_DIRECTIONS FOR THIS TASK_: From the listing that follows, reproduce only the lines from the one holding "Mike Raahauge Shooting Range-科罗纳必去景点" through the one holding "MIXER ROOM PODCAST - Sandro Bastiančić", both included, with no pictures.

─── RECORDS SHOWN ───

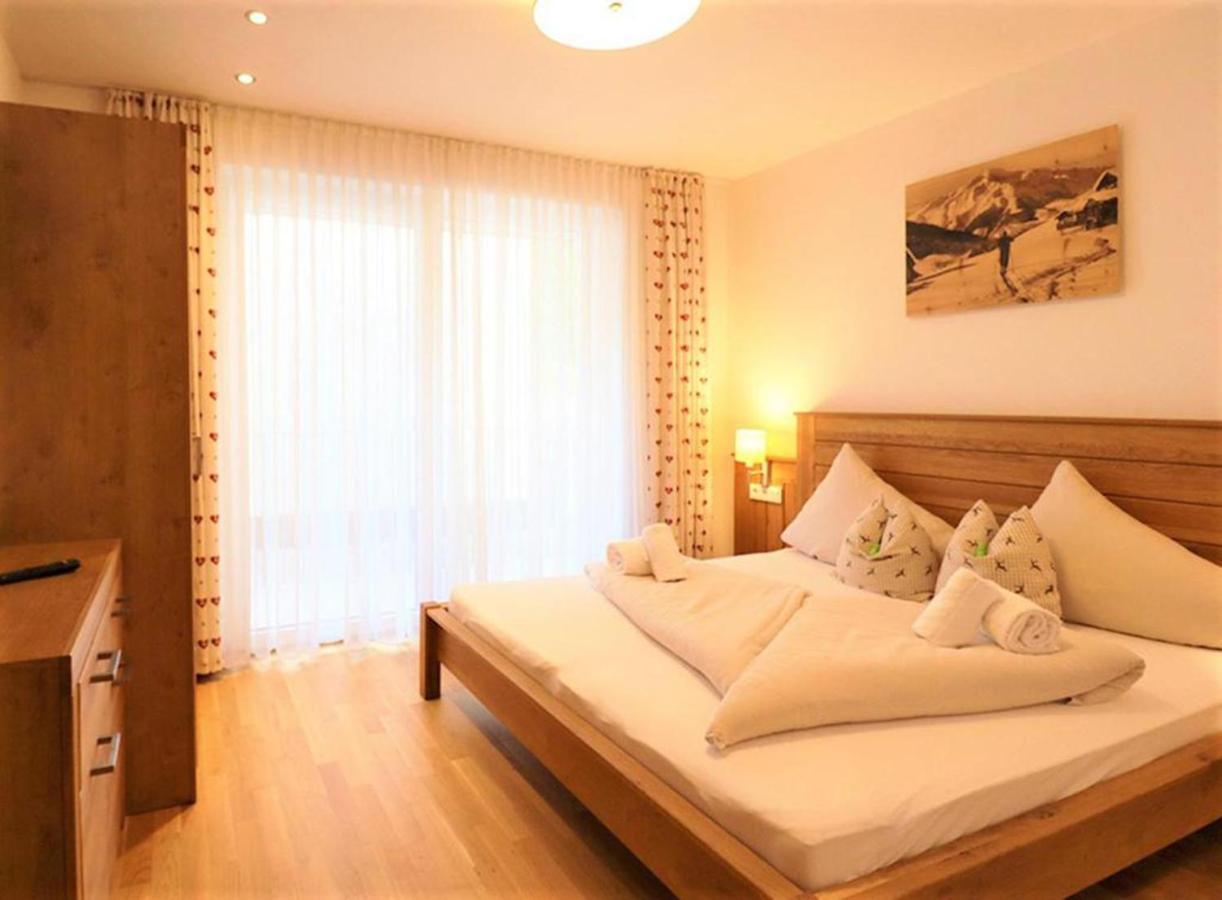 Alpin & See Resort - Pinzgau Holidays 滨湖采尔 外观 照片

───
─── RECORDS SHOWN ───

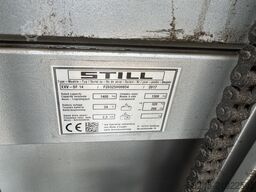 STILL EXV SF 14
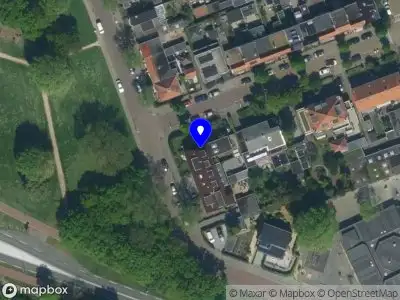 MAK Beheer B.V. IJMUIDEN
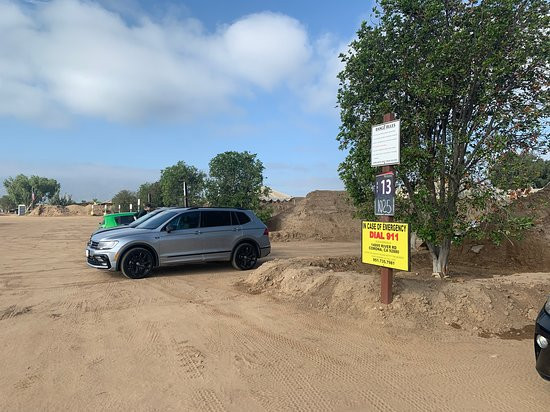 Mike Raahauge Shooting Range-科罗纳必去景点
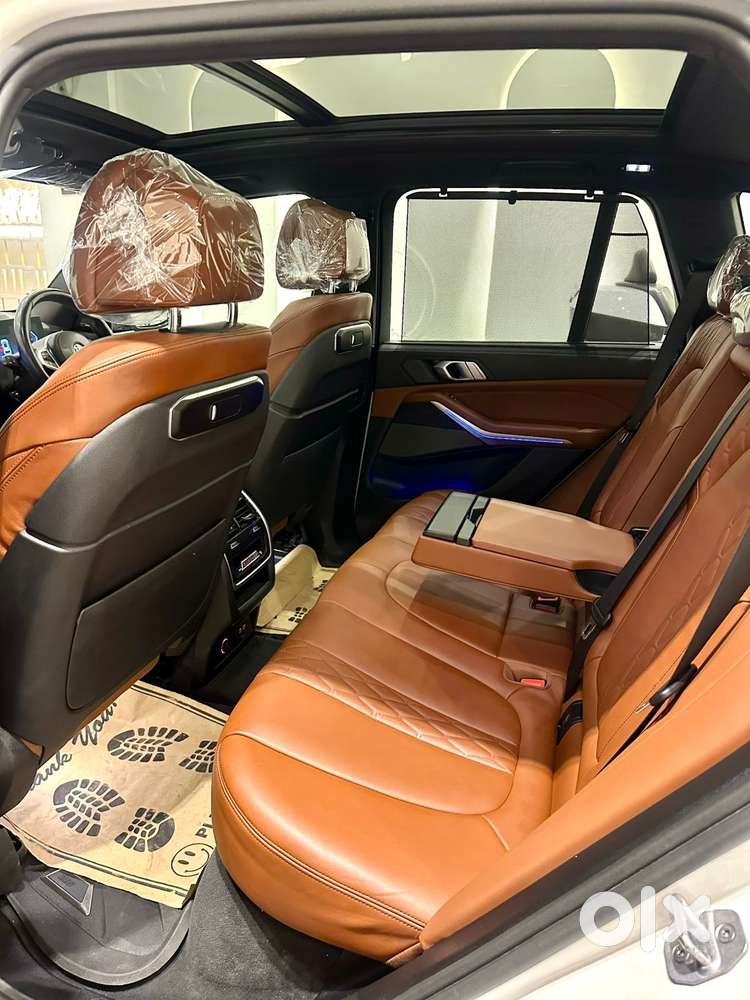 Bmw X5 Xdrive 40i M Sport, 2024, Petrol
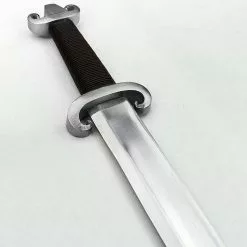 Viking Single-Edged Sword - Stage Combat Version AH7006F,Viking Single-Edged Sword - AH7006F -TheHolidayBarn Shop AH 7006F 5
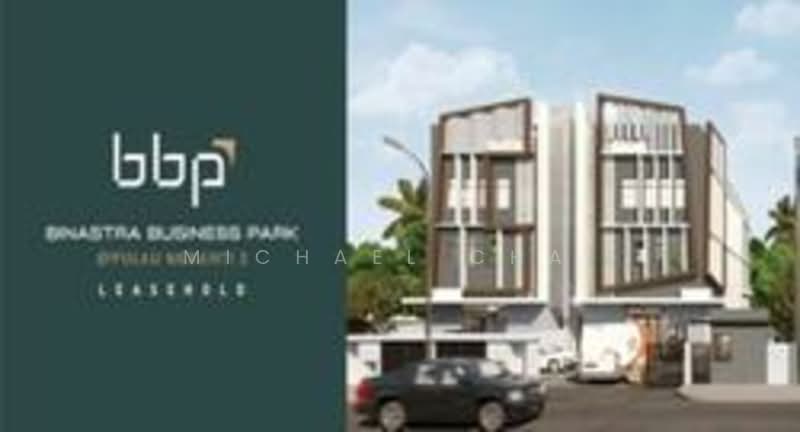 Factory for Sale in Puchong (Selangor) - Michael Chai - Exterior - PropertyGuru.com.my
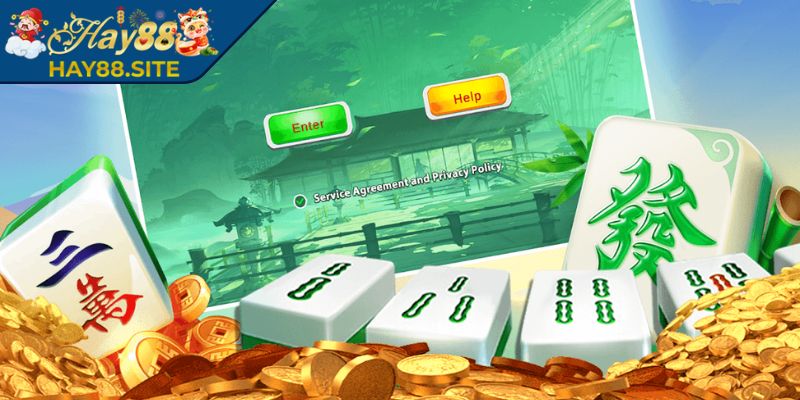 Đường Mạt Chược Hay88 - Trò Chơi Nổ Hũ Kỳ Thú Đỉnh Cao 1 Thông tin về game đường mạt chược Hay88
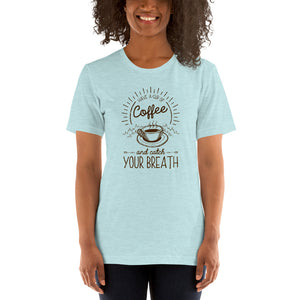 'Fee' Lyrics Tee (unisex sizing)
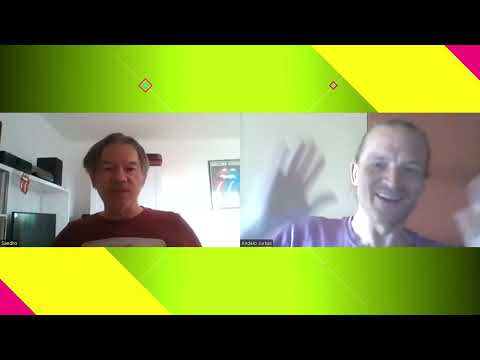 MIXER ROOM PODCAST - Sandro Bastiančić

───

_WORKED SOLUTION_:
 Mike Raahauge Shooting Range-科罗纳必去景点
 Bmw X5 Xdrive 40i M Sport, 2024, Petrol
 Viking Single-Edged Sword - Stage Combat Version AH7006F,Viking Single-Edged Sword - AH7006F -TheHolidayBarn Shop AH 7006F 5
 Factory for Sale in Puchong (Selangor) - Michael Chai - Exterior - PropertyGuru.com.my
 Đường Mạt Chược Hay88 - Trò Chơi Nổ Hũ Kỳ Thú Đỉnh Cao 1 Thông tin về game đường mạt chược Hay88
 'Fee' Lyrics Tee (unisex sizing)
 MIXER ROOM PODCAST - Sandro Bastiančić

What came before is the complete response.